= Kanyarwanda War =

The Kanyarwanda War (French: Guerre de Kanyarwanda) was a conflict in the northeastern region of Congo-Léopoldville, specifically the newly-established province of North Kivu, between the Banyarwanda and indigenous groups within North Kivu including the Hunde and Nande groups that lasted from 1963 to 1966. It was sparked by years of ethnic tensions between the Banyarwandan people (Hutu and Tutsi people who emigrated to Congo-Léopoldville from Rwanda), who had significant influence and power in North Kivu and surrounding provinces, and native groups such as the Hunde and Nande groups.

== Background ==
In the 1930s the Belgian colonial administration in the Belgian Congo and Ruanda established a system of encouraging Ruandan immigration to the eastern Congo to mitigate population density in Ruanda and provide agricultural labour in the Congo. Over 25,000 Ruandans moved to the Masisi Territory between 1937 and 1945, later joined by about 60,000 immigrants between 1949 and 1955. Most of the immigrants were ethnically Hutu, but the number included Tutsi pastoralists; collectively, they were known as Banyarwanda.
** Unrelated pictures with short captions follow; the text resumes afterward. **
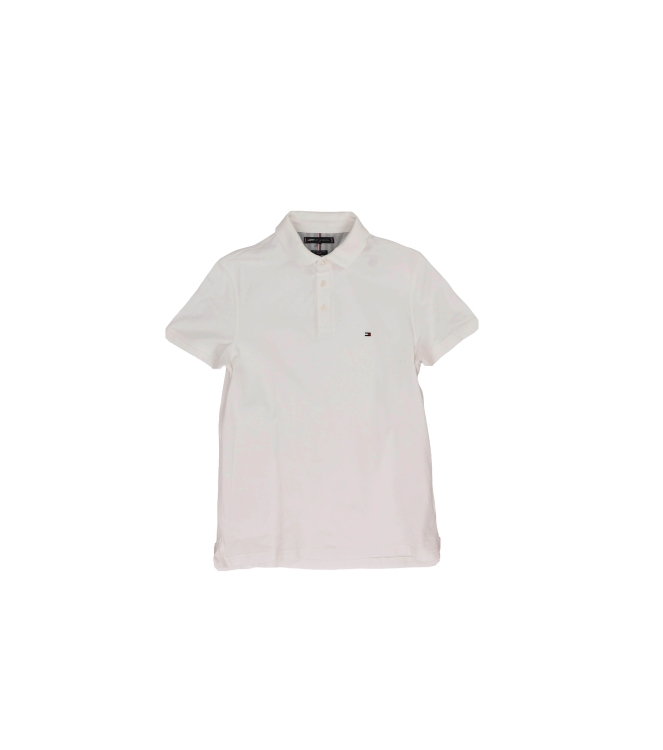 Tommy Hilfiger Poloshirt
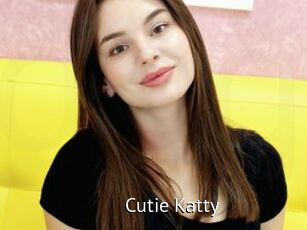 Cutie_Katty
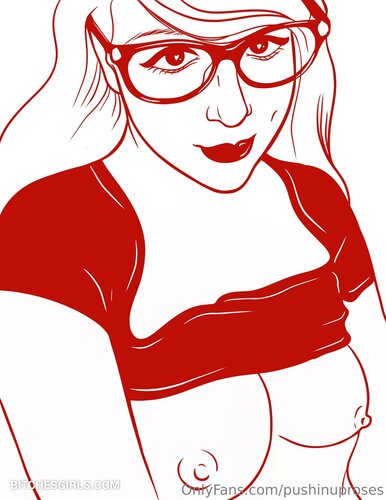 112913690810145906643498344155992380689 thumbnail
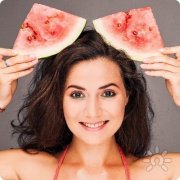 Алиса Котляр&nbsp;— Владеет техниками медитаций и&nbsp;работой с&nbsp;установками: тета-хилинг
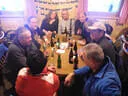 5. Primbogenturnier Rauris 2020 Bild 58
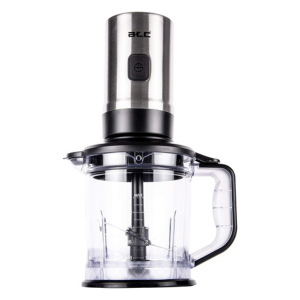 محضر طعام اي تي سي متعدد الاستخدام - H-GP625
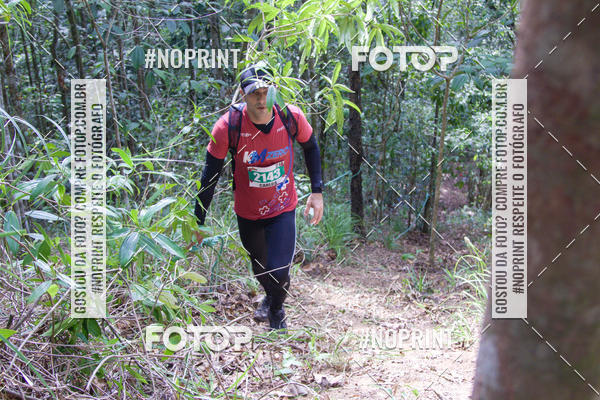 Buy your photos of the eventIII Desafio Milhas Trilhos e Trilhas / 2018 on Fotop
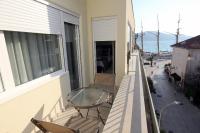 Venima luxury Seaview Pine Apartment - B&B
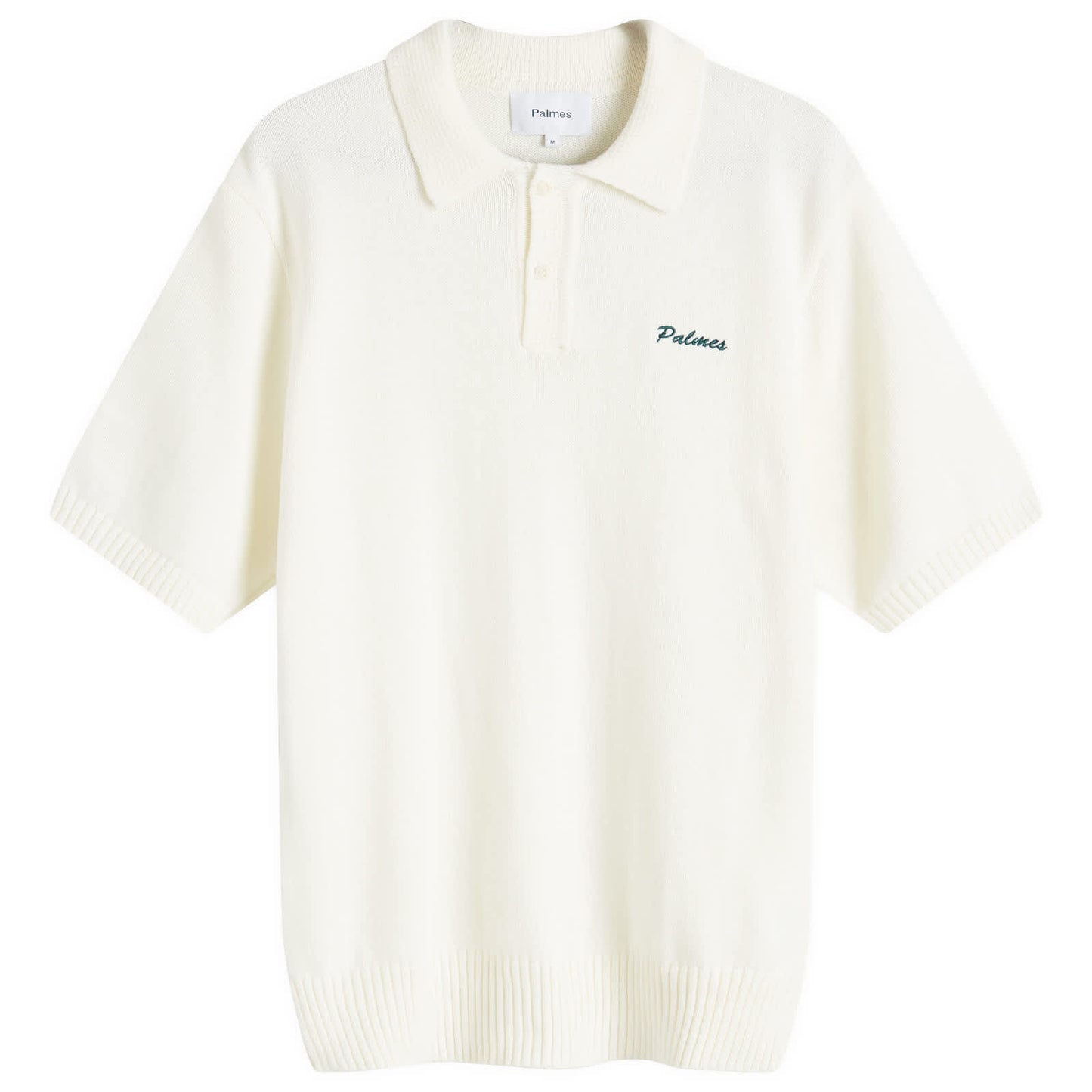 Marco Knit Polo
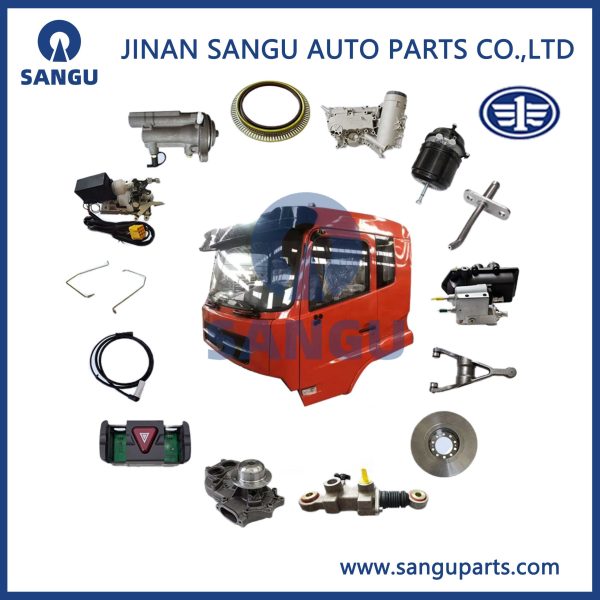 faw-parts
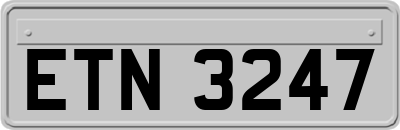 ETN3247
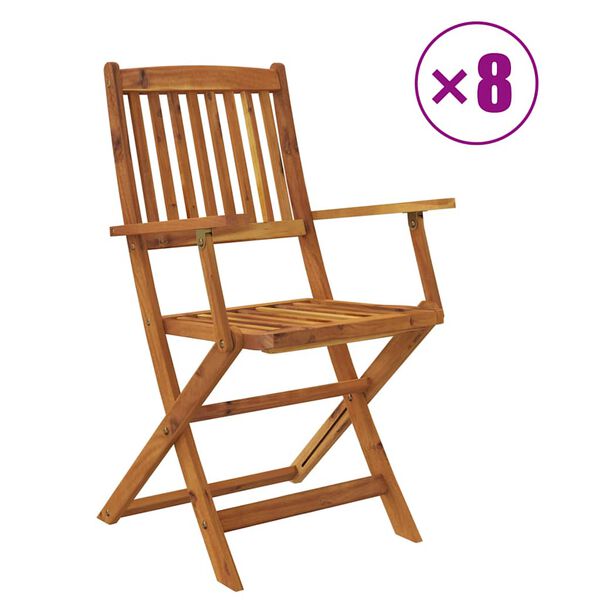 2 / 8. term&eacute;kk&eacute;p megjelen&iacute;t&eacute;se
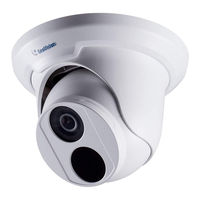 Geovision GV-EBD4700 User Manual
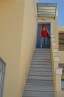 Thumbs/tn_GREECE228.jpg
The classification also included some Tutsi herders who had lived in the region before the colonial period. The land they occupied in the Congo had historically been home to the Hunde people, but the Banyarwanda insisted on living within a polity of their own. In response, the Belgians created the Gishari chiefdom subject to the authority of a Tutsi chief. Conflict arose when the Banyarwanda attempted to expand the jurisdiction of the chiefdom, and in 1957 the Belgians dissolved Gishari, leaving the immigrants under the authority of a Hunde mwami. They paid Hunde chiefs redevances for access to land and this relationship generated resentment, as the Banyarwanda felt it unfair that they should pay for the land they worked, while the Hunde believed that the Banyarwanda were seeking to avoid legitimate financial obligations. Tensions were particularly acute throughout the northern area of Kivu Province, which was densely populated and thus had the least available land. By 1959, The Banyarwandan vastly outnumbered the Hunde in Masisi and the Rutshuru Territory.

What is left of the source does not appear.